# Well I cocked that up...what are my options?



## Surfanarchist (Nov 12, 2021)

Lesson so far for me is drying and curing just takes practice.  I harvested my Gorilla Cookies a few days ago.  I chopped the plant down to main colas and hung them in my grow room.  About 65F, 40% humidity and a ceiling fan blowing on them.  After about 3 days they were still very moist, pliable and sticky.  Because of my growing situation I have to do things when I can (my grow areas is remote from where I live) so I needed to get these things jarred up and moved back to where I can watch them (my home)..

Anyway at this point I cut the buds out individually and placed them on a screen in the same room and conditions to dry overnight under the fan.  Boom...next morning they are real dry.  I jar them up and I'm reading like 40%.  Holy shit I thinks to myself.  So in each jar I take a piece of aluminum foil and I place that loosely over the buds and on top of the foil I place a small piece of damp paper towel.  Damp paper towel is in the jar but no contact with the buds.  After about 4 hours I'm reading about 70% humidity in the jars so I pull out the foil and moist paper towel and seal up the jars.

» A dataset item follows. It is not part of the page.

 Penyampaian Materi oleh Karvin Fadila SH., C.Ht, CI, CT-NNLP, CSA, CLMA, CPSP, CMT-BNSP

Over 24 hours later all the jars are holding steady at between 62% and 68%.  Buds still smells strong but maybe not as strong as before.  They also are pliable in that if I take a bud and squeeze it it mushes and then springs back.

I know now how fast the trimmed buds can dry out.  Won't be using that method again.  Bottom line is I'm going to smoke this stuff eventually so at this point it is what it is.  Anyone care to comment on how badly these buds are cocked up and is there any chance that maybe if I can keep them at around 62% will they still cure?

Liven and learnin here.


----------



## pute (Nov 12, 2021)

Research is your best friend.  The dry/cure process is just as important as the way you grow.


----------



## spunom (Nov 12, 2021)

I'm no expert, but it might be that you are overthinking this. I would think that if you just take them out of the jars until the outsides feel dry but not crispy and then stick them back in a few times, you'll get to the "put them in jars"  point and can rock on? ... As long as they don't already have mold.


----------



## pute (Nov 12, 2021)

First off, there are lots of different ways and techniques in doing this. If done properly they all probably work just about as well as the other. I do it the old-fashioned way it's been done this way for decades.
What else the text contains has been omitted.